* **Assignment**:
Instruction for the data below: set down exactly the lines from the line with "Melanie online show from March 9, 11:30 pm" to the line with "1966 Chevrolet Corvette - photo 8", inclusive, and no others.

* **Data to use**:
┄┄┄┄┄┄
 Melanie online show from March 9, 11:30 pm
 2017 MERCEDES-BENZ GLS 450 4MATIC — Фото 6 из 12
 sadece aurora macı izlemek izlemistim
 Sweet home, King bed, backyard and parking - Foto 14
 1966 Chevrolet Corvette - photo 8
┄┄┄┄┄┄
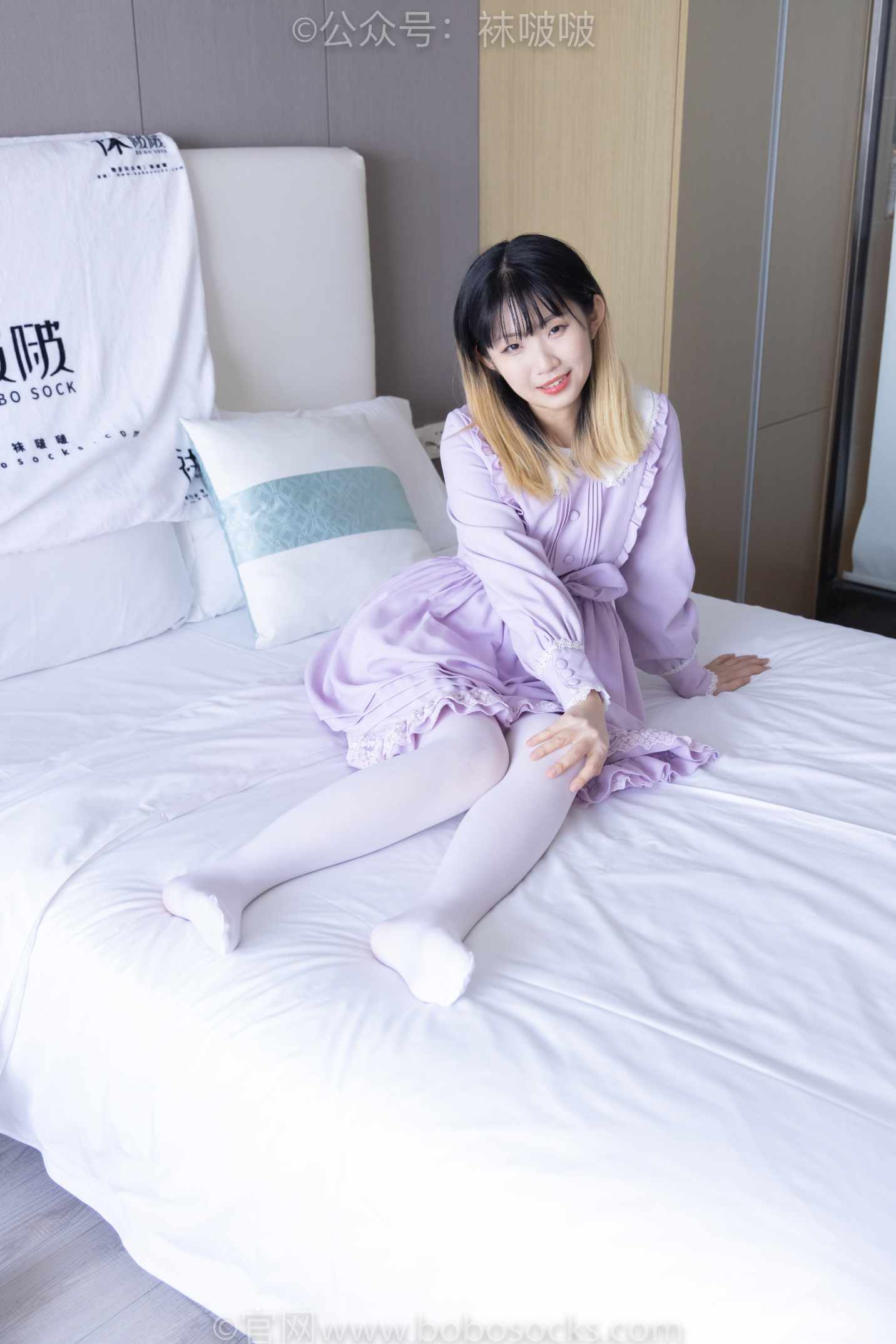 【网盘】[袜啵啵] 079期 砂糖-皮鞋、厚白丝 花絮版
┄┄┄┄┄┄
* **Written response**:
 Melanie online show from March 9, 11:30 pm
 2017 MERCEDES-BENZ GLS 450 4MATIC — Фото 6 из 12
 sadece aurora macı izlemek izlemistim
 Sweet home, King bed, backyard and parking - Foto 14
 1966 Chevrolet Corvette - photo 8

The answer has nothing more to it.